CAZALIS, Henri (= LAHOR, Jean; = CASELLI, Jean)
Le poème
Je suis le feu, je suis l’air, je suis dans tout...
(Mystiques persans)
Le soleil est ma chair, le soleil est mon cœur,
Le cœur du ciel, mon cœur saignant qui vous fait vivre,
Le soleil, vase d’or, où fume la liqueur
De mon sang, est la coupe où la terre s’enivre.
Les astres sont mes yeux, mes yeux toujours ouverts,
Toujours dardant sur vous leurs brûlantes prunelles,
Et mes grands yeux aimants versent sur l’univers,
Sur vos amours sans fin, leurs clartés éternelles.
Les vents sont mes soupirs, les vents sont mes baisers,
Je suis le souffle, l’air, et vous êtes la flamme,
Et vous êtes pareils aux charbons embrasés,
Quand, l’été, mes soupirs ont passé sur votre âme.
Les fleurs sont mes désirs, les fleurs de toutes parts
Tendent vers vous leurs longs regards pleins de délices,
Les fleurs sont mes désirs, les fleurs sont mes regards,
Et vous buvez mon rêve au fond de leurs calices.
Je suis l’amour, l’amour, qui soulève les flots,
Et trouble et fait vibrer les océans immenses,
Et la chaleur, par qui les germes sont éclos,
Et le printemps, qui fait fécondes les semences.

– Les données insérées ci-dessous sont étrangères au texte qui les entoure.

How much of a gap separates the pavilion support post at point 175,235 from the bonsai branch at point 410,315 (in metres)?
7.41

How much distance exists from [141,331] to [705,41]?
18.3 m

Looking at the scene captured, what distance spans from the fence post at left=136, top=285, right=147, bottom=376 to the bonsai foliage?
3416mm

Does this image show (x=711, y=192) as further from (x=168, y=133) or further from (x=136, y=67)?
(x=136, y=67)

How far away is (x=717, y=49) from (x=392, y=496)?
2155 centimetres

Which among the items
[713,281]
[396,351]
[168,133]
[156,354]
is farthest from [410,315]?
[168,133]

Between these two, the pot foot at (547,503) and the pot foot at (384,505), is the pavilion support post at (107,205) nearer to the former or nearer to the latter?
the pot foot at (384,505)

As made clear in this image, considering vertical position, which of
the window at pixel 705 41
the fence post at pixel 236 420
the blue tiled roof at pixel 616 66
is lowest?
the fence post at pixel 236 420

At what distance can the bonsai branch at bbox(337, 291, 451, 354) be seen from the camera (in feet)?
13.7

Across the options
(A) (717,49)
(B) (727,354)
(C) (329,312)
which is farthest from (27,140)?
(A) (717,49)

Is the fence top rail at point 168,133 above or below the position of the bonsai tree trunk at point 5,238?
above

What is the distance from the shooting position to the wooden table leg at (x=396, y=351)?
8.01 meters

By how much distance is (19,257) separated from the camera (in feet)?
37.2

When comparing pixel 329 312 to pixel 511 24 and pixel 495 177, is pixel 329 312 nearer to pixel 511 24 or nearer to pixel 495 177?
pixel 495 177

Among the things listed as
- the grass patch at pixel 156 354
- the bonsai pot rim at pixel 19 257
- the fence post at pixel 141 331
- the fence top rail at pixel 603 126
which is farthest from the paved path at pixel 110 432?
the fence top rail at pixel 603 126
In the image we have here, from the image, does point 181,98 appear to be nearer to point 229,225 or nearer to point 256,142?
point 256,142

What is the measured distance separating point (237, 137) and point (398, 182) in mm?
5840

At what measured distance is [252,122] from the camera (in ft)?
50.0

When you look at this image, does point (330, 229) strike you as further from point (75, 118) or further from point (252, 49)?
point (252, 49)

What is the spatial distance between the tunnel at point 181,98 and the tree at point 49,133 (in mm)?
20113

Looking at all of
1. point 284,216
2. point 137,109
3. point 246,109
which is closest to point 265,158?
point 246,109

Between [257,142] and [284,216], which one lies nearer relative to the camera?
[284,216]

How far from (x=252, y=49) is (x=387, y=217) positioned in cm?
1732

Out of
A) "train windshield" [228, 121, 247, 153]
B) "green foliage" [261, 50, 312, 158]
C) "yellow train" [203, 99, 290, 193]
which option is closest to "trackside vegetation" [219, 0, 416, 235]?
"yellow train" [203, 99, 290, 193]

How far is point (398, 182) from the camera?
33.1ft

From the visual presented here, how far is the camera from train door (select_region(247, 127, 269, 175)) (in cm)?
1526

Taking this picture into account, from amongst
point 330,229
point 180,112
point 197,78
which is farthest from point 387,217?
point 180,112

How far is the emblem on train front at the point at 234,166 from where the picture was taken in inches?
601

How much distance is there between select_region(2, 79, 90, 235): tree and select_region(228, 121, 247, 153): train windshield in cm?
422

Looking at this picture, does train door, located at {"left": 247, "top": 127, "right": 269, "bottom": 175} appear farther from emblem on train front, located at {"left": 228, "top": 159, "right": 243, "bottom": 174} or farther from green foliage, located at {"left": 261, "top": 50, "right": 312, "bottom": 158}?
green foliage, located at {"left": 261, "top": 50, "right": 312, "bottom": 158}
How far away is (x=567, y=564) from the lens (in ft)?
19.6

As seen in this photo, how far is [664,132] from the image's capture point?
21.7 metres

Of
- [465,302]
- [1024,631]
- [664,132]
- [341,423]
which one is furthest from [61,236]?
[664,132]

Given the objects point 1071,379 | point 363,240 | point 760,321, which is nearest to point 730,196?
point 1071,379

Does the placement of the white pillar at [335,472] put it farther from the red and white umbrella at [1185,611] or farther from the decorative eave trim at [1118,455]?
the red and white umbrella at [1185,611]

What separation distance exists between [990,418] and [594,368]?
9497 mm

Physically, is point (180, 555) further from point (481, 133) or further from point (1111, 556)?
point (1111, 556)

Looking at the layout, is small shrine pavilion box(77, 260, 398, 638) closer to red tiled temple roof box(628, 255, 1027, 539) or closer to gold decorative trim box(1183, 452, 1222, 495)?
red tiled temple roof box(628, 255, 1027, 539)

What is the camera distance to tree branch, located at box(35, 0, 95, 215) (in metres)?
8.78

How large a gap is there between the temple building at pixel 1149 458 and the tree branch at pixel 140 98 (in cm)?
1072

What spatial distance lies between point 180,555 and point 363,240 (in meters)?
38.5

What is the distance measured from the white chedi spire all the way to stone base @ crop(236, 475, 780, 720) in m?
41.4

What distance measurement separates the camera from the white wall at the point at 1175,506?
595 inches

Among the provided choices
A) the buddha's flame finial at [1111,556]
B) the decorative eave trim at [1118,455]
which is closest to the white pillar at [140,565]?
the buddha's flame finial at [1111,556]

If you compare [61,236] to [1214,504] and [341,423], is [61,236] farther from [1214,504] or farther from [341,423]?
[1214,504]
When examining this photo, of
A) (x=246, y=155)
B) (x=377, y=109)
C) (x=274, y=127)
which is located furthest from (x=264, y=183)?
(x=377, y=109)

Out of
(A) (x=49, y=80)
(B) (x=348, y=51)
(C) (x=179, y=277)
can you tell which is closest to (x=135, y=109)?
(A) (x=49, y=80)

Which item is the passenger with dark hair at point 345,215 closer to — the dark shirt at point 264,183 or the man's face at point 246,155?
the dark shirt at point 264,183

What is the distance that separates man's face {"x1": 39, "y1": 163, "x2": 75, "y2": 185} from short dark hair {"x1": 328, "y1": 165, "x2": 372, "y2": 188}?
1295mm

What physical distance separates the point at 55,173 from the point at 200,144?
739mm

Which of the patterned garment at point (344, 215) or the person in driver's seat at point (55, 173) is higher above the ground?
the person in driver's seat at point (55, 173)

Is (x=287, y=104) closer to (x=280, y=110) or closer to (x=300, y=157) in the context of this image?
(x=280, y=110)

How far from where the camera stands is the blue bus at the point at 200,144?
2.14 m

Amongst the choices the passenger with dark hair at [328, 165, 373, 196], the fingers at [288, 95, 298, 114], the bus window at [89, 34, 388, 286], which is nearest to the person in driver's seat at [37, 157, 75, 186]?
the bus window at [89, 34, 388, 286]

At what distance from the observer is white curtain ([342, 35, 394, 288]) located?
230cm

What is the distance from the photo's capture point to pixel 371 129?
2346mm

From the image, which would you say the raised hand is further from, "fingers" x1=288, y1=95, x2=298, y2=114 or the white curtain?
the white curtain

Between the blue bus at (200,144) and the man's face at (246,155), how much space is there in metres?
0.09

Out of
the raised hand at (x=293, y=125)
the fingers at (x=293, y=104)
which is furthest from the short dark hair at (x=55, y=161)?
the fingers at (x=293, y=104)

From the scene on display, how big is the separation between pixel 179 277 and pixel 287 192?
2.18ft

Je suis dans tout, je suis la fraîcheur de la nuit,
Et je suis dans l’éther la lune qui vous aime,
Et l’ouragan aussi, l’éclair brûlant qui luit,
Car la création entière est mon poème,
Est un poème étrange où se mêlent des pleurs,
Et dont vous, ô mortels, vous êtes les pensées,
Ô vous qui partagez ma joie et mes douleurs,
Et l’ennui des éternités déjà passées.
La chanson du vent
Vent fou qui voles où tu veux
De fleur en fleur, de femme en femme,
Vent qui caresses les cheveux,
Vent libre, je voudrais ton âme.
Vent qui murmures dans les bois,
Comme un chœur à bouche fermée,
Certain soir, je voudrais ta voix,
Pour parler à ma bien-aimée;
Et vent qui soulèves les mers,
Qui hurles le long des rivages,
Je voudrais dans mes jours amers
Parfois aussi tes cris sauvages,
Pour y jeter tous mes sanglots,
Toutes mes colères, mes haines,
Et pour fouetter comme des flots
L'océan de la foule humaine.
Réminiscences
À Darwin.
Je sens un monde en moi de confuses pensées,
Je sens obscurément que j’ai vécu toujours,
Que j’ai longtemps erré dans les forêts passées,
Et que la bête encor garde en moi ses amours.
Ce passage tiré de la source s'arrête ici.